Source data
● ● ● ● ● ● ●

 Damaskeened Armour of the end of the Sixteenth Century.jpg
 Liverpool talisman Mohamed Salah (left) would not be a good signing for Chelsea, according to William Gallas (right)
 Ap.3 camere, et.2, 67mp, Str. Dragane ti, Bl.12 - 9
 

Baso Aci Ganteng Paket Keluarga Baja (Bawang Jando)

● ● ● ● ● ● ●

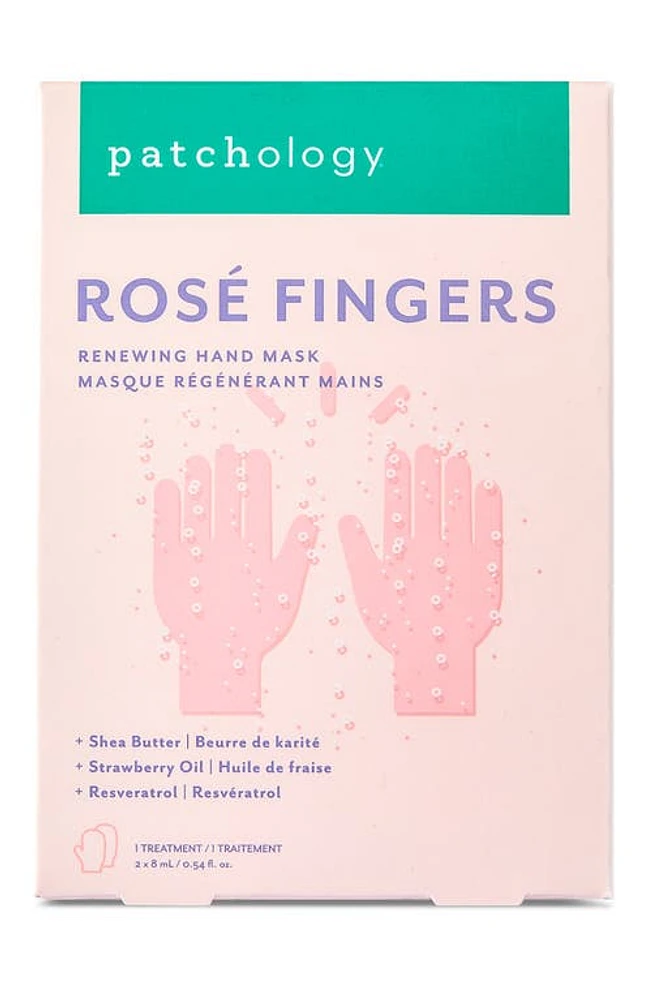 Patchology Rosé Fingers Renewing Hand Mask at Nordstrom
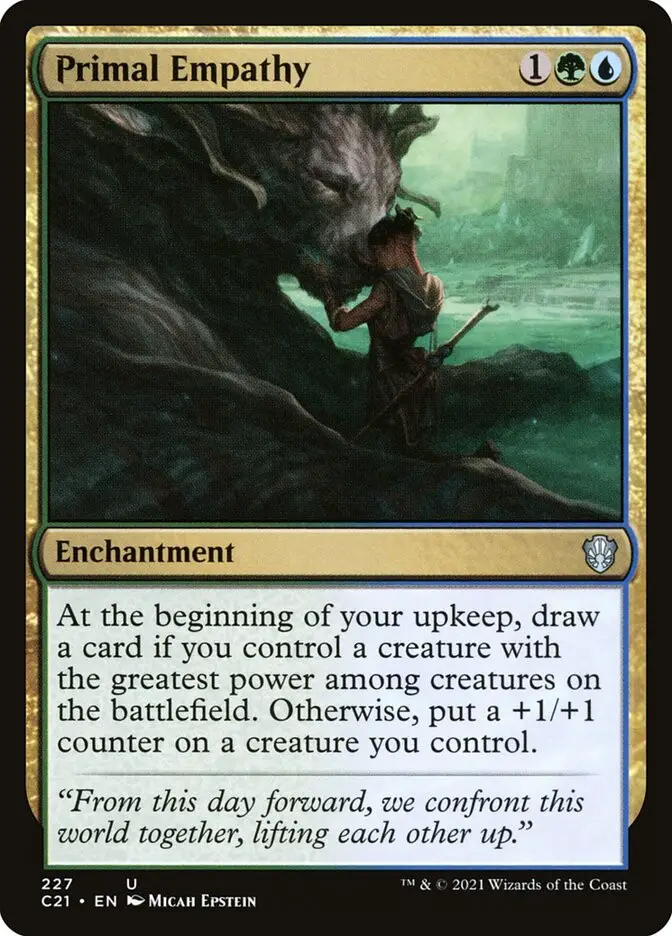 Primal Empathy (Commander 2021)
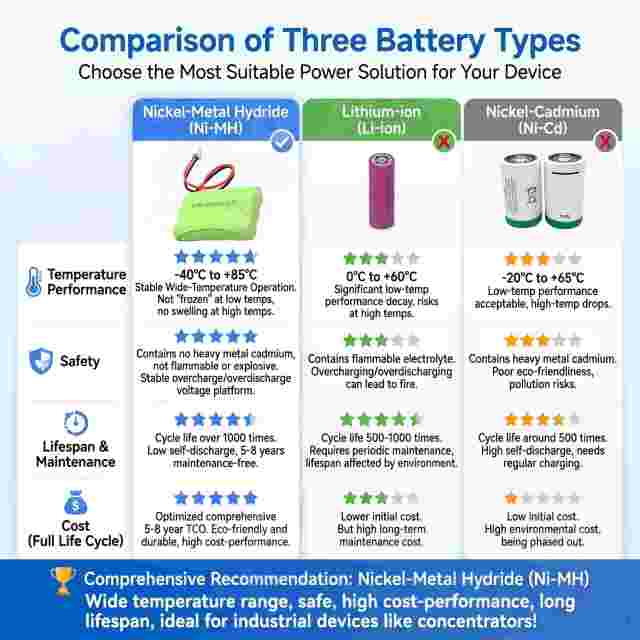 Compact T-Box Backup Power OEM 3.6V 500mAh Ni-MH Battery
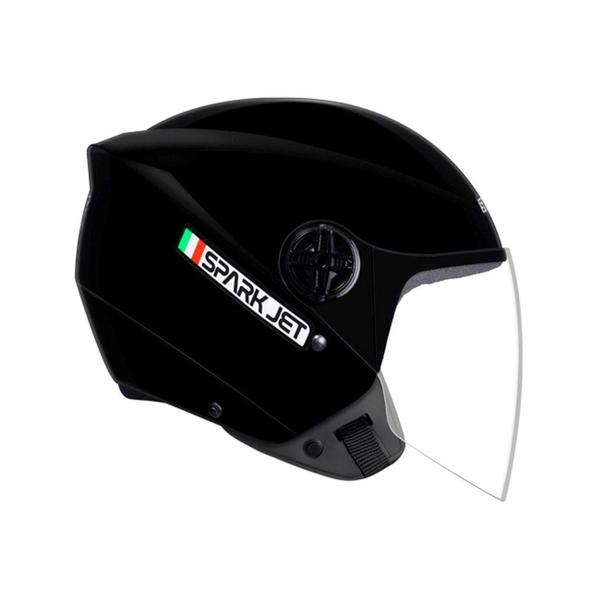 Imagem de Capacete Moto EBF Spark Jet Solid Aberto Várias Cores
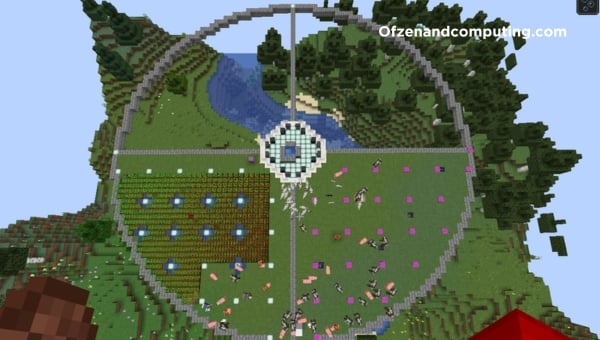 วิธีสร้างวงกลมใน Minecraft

● ● ● ● ● ● ●

What you have to do
Out of the records above, return only the lines from the one with "Patchology Rosé Fingers" through the one with "วิธีสร้างวงกลมใน Minecraft", exactly, and none of the pictures.

Response below
 Patchology Rosé Fingers Renewing Hand Mask at Nordstrom
 Primal Empathy (Commander 2021)
 Compact T-Box Backup Power OEM 3.6V 500mAh Ni-MH Battery
 Imagem de Capacete Moto EBF Spark Jet Solid Aberto Várias Cores
 วิธีสร้างวงกลมใน Minecraft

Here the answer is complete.